Aim of the exercise → The first line of the entries through the line bearing "Мужские Джинсовые Шорты Nero Masso": copy these lines exactly and return nothing else.

Records contained in a dataset
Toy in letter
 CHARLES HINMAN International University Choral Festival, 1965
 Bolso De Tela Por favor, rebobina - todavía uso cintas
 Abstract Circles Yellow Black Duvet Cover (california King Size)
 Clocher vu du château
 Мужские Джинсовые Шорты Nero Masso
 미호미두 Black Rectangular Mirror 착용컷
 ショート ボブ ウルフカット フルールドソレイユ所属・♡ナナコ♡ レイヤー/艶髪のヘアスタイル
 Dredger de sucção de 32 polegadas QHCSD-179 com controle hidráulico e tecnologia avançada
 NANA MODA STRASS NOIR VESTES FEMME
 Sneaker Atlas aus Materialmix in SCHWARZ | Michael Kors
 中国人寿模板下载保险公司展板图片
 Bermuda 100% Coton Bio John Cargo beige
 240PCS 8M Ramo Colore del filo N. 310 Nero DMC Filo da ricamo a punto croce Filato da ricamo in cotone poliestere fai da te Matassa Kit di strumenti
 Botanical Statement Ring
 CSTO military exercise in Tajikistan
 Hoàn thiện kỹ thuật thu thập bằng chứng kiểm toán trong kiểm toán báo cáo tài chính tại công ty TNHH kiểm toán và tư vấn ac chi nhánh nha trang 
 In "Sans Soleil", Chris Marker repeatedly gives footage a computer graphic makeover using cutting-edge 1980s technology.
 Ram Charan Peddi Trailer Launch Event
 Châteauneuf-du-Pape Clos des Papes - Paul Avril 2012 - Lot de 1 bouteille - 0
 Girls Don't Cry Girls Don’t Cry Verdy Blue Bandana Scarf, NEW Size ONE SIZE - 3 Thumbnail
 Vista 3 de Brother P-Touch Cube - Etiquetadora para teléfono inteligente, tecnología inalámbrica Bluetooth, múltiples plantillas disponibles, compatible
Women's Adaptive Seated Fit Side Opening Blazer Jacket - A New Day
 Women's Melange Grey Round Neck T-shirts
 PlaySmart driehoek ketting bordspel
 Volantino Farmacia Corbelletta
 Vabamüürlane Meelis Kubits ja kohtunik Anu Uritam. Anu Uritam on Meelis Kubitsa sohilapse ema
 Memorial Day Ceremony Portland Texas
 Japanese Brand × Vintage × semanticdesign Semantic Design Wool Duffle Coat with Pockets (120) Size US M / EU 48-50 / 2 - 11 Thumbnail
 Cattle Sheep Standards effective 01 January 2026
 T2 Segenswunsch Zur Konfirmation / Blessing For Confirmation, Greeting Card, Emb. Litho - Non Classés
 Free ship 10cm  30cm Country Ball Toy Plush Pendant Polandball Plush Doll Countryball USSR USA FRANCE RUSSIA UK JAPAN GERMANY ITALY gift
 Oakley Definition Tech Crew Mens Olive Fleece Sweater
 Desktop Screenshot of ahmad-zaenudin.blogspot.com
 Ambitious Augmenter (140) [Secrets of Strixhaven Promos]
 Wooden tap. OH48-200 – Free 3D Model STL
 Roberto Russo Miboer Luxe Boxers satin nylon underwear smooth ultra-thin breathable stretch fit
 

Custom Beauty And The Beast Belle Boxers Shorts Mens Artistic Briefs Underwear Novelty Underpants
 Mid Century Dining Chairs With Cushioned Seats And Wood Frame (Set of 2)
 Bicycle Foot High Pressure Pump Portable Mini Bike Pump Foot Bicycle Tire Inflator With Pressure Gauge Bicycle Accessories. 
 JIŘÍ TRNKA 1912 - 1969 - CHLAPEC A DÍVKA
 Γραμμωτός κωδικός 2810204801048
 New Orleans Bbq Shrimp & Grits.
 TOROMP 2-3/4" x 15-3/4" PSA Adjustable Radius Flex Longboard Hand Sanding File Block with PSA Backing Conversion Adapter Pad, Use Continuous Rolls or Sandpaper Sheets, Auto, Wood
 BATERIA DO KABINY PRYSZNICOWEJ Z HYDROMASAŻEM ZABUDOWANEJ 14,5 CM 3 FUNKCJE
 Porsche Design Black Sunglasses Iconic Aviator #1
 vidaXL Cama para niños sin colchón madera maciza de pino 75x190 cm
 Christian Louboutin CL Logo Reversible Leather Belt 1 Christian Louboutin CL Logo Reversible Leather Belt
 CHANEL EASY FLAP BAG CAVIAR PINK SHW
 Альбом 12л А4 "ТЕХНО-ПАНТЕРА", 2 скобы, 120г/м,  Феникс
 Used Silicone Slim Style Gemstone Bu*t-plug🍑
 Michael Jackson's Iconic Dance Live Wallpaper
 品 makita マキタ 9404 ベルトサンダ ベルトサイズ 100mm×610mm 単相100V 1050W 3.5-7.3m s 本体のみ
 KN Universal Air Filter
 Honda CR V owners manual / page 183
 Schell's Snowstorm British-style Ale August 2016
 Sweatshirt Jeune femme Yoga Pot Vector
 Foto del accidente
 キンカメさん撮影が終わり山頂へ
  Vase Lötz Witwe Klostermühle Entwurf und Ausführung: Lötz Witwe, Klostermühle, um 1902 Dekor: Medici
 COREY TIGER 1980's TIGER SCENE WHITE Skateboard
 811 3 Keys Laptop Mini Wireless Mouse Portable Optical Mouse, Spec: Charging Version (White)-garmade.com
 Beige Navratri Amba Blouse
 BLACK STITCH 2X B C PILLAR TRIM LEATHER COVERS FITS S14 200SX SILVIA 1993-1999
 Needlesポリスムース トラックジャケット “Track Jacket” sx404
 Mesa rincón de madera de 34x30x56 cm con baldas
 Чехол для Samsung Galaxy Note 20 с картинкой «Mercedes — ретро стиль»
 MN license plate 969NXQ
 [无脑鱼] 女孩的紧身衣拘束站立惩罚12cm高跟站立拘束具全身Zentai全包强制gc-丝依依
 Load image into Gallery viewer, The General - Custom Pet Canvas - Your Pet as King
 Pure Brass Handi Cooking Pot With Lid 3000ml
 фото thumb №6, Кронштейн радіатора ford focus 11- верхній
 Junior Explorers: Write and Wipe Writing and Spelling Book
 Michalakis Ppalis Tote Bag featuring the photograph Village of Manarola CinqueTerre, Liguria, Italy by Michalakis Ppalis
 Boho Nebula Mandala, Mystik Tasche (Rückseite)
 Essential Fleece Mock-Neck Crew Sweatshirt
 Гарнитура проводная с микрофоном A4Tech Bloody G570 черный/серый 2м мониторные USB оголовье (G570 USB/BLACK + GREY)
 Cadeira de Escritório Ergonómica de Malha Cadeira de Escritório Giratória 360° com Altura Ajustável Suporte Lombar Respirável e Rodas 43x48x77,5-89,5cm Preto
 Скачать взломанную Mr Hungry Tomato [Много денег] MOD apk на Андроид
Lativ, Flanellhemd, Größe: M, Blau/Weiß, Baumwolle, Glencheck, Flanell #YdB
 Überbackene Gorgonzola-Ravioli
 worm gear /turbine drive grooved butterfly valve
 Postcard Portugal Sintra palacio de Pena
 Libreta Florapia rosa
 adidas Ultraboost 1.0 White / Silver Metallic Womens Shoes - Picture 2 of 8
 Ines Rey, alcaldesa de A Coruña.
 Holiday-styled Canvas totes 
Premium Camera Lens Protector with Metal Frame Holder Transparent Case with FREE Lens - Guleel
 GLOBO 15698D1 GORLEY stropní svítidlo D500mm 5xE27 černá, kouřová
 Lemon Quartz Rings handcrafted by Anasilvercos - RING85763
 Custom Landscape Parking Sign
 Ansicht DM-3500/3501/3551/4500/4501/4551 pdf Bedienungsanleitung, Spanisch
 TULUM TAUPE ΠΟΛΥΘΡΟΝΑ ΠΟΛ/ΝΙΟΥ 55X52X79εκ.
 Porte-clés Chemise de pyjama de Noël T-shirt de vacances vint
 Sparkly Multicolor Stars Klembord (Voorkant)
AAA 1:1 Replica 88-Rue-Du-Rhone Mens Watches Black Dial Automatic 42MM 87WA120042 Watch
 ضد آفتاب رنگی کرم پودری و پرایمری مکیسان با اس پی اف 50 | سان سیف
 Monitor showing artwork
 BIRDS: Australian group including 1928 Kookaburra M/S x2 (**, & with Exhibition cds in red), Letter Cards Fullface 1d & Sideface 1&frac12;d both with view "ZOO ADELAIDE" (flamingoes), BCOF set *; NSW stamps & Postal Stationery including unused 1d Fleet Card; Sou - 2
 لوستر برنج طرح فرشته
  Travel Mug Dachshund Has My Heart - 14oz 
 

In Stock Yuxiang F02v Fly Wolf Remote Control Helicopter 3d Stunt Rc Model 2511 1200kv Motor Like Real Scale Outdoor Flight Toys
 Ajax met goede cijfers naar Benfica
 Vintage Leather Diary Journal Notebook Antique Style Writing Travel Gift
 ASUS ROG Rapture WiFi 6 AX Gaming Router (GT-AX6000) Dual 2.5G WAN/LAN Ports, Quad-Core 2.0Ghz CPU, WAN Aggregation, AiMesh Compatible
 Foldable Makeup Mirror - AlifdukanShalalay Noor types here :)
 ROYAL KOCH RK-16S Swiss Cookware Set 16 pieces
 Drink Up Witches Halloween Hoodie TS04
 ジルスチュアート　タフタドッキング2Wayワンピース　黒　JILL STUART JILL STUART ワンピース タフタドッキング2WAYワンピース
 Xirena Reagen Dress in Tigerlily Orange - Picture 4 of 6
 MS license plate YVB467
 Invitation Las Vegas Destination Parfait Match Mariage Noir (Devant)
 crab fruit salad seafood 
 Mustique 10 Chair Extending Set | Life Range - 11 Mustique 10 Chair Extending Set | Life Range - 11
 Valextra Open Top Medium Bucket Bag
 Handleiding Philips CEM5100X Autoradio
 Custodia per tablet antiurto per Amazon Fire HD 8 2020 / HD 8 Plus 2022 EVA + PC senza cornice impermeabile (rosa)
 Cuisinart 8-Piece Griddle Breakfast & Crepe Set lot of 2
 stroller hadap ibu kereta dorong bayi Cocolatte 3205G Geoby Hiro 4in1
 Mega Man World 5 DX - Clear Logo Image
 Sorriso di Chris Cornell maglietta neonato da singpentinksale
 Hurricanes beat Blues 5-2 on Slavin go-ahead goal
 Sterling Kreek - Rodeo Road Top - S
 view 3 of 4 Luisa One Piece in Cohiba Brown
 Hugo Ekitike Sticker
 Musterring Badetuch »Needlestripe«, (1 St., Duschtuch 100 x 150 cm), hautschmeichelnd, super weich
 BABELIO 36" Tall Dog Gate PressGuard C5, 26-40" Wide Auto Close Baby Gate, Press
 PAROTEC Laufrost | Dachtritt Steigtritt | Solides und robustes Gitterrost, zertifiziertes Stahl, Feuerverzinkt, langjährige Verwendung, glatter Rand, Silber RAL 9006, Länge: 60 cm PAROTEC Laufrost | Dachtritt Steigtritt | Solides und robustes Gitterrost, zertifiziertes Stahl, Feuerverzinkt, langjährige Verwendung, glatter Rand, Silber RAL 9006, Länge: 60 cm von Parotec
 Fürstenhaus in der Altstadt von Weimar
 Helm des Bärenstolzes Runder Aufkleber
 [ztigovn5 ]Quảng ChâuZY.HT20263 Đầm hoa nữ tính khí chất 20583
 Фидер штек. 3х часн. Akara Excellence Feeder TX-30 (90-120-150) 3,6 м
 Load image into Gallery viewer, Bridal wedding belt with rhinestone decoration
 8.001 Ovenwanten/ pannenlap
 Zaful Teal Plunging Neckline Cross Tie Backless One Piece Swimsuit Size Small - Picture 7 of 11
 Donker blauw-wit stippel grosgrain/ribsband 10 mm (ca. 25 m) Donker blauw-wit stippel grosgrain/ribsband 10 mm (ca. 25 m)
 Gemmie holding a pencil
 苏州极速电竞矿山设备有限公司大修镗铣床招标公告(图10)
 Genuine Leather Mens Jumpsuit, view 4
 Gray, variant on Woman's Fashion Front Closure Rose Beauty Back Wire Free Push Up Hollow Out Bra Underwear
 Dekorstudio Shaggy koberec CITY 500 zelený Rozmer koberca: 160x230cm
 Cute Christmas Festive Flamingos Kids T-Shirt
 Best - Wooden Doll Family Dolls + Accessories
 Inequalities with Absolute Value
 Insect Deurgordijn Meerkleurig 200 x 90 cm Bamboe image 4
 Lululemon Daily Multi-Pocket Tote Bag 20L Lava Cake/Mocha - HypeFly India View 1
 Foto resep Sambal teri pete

Response →
Toy in letter
 CHARLES HINMAN International University Choral Festival, 1965
 Bolso De Tela Por favor, rebobina - todavía uso cintas
 Abstract Circles Yellow Black Duvet Cover (california King Size)
 Clocher vu du château
 Мужские Джинсовые Шорты Nero Masso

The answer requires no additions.